“What is uttered from the heart alone, will win the hearts of others to your own.” ~ Goethe
It’s comforting to remember, when it comes to matters of the heart, we are all the same. So whether married, single (happily or not), divorced or widowed, in the name of unity – a sea of human souls are all searching for love.
Love comes in many forms and many guises, but it all seems to come down to that tricky concept – self-acceptance. It’s true when we can accept ourselves (our perfectly imperfect selves), love flows. And it flows from our own hearts – to every cell of our own being. And even if you only experience this for one second, consider yourself blessed. It’s in the trees, the sun rise, the birds, the animals, the children, the kindness of strangers and a random smile.
Begin with yourself.

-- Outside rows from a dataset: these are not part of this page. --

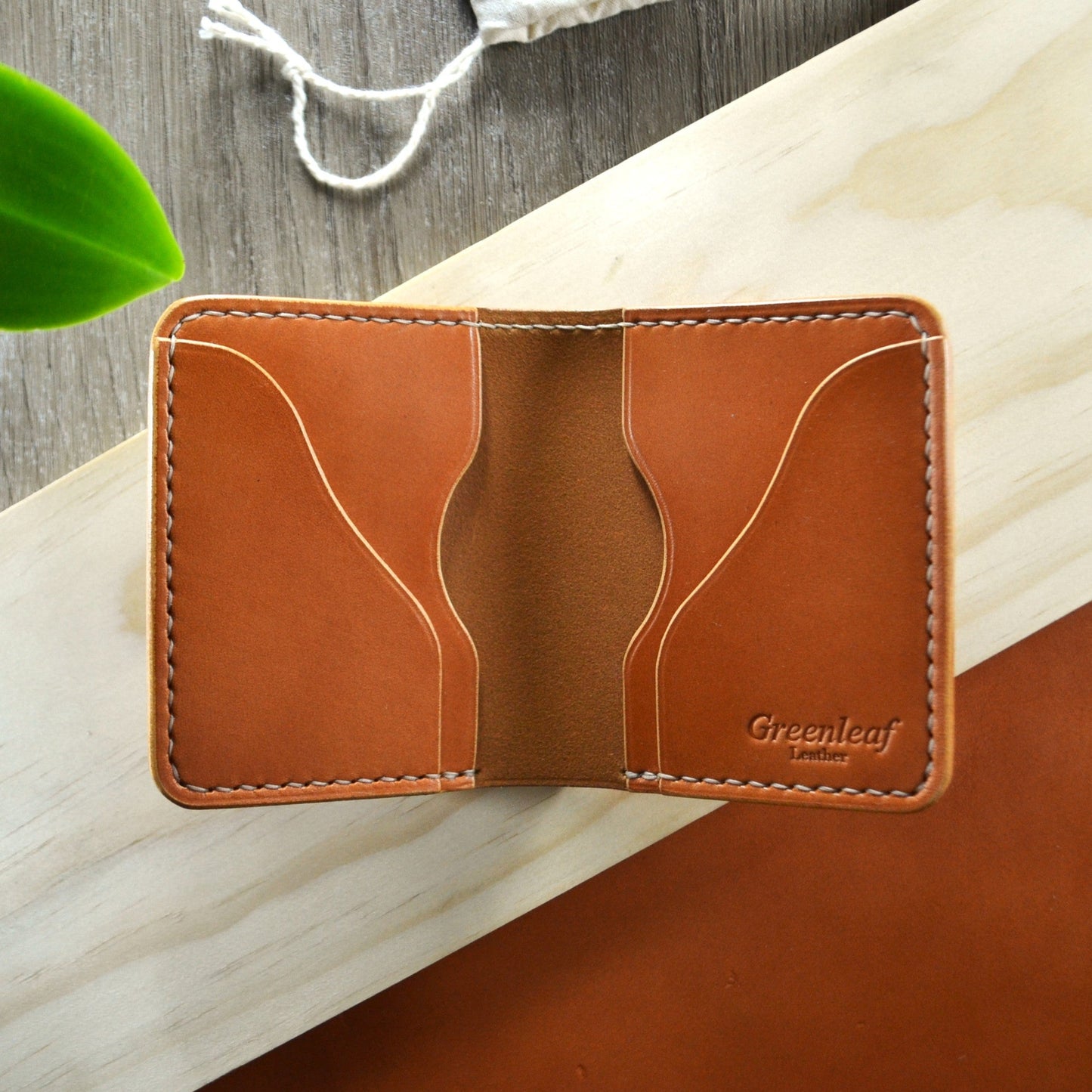 ARTIE BIFOLD - TAN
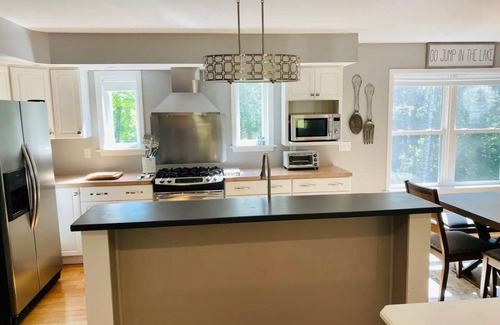 Franklin House | Lakefront Serenity in the Catskills near All Star Village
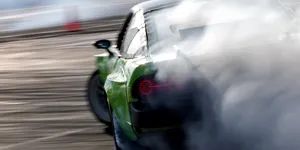 Poliția Română avertizează: driftul și manevrele agresive în trafic duc la suspendarea permisului pentru 30 de zile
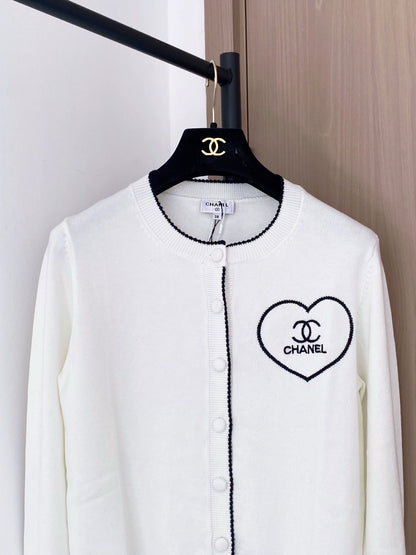 Heart-patterned knitted cardigan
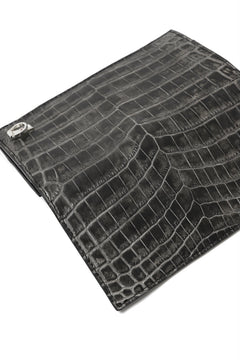 Load image into Gallery viewer, ISAMU KATAYAMA BACKLASH CROCODILE LONG WALLET / (SUMI DYED GREY)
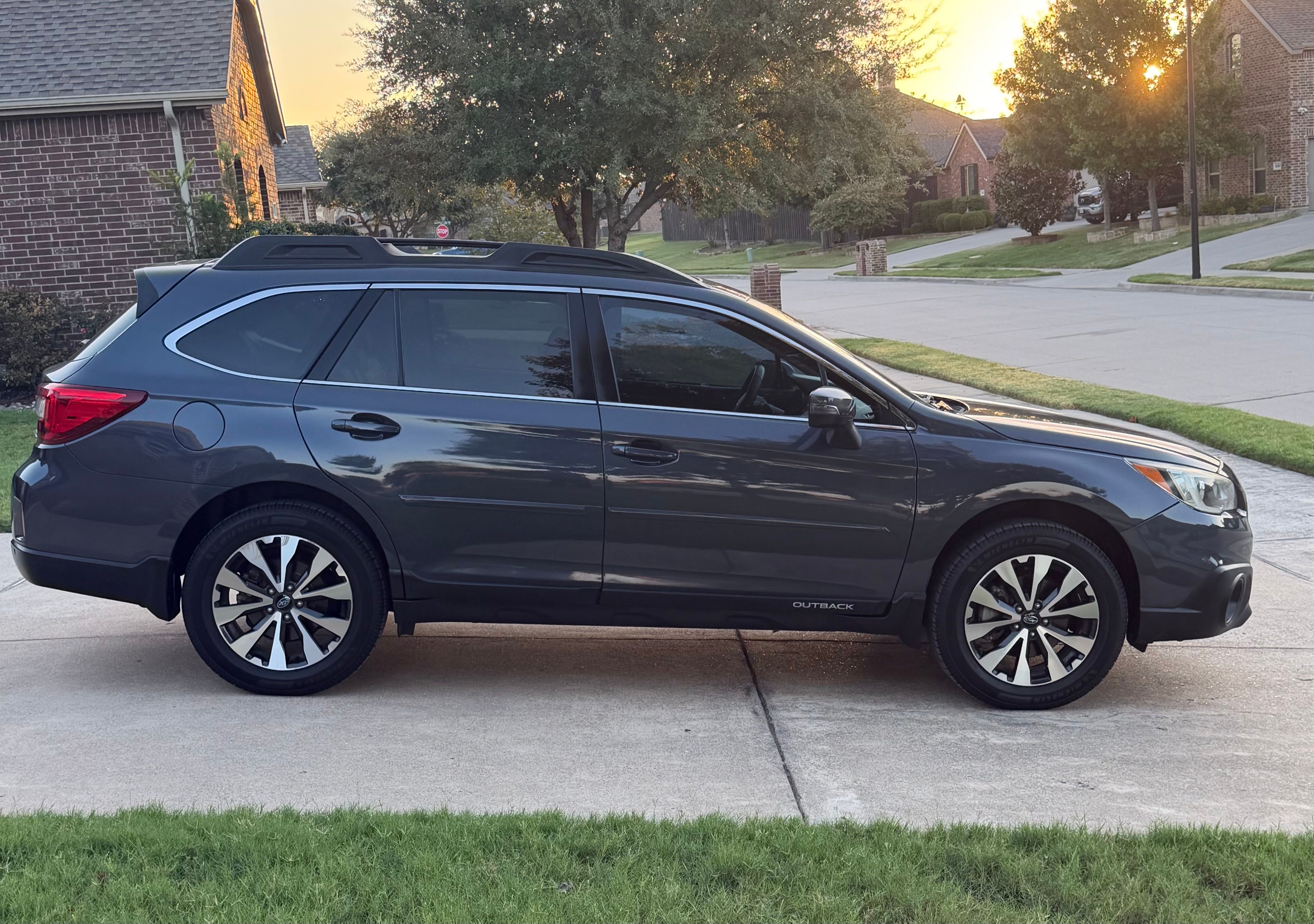 Used 2017 Subaru Outback 2.5i Limited AWD/4WD image 1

Let’s go back many millennia to a Buddhist tradition and the practice of Brahmaviharas and the first of these Metta (can be translated as loving kindness). Unconditional acceptance may be a radical thought for many of us, and a challenge for those of us who have trouble feeling worthy or deserving of love. Start small…
* Begin by sitting in a comfortable position
* Call to your mind a quality in yourself that you feel good about – or even a direct experience of a time when you did something you felt good about. It can be simple like helping a friend in need, a stranger or even preparing a nourishing meal for your family
* As you settle into your breath and that feeling of goodness, bring your attention to your heart centre and acknowledge how the heart feels. Closed, open? Receptive or wounded? Heavy or light? Try not to judge, just observe and try to befriend your heart.
* Then begin to repeat these Metta phrases:
– May I be happy.
– May I be peaceful.
– May I be safe from harm.
– May I enjoy happiness and the root of happiness.
– May I experience ease and well-being in body, mind, and spirit.
* Notice your body’s response to these phrases. Your breath, the reverberations of the echoes in your mind’s ear. Try to connect with that feeling of compassion and goodness.
* Even if it feels inauthentic, keep trying. Sending love to a closed heart is still a practice until the opening comes.
* If you drift off, let it go and come back when you feel ready
It’s a beautiful practice and a gentle reminder that kindness begins with kindness to ourselves. It’s a cliche, yes, but it really does work.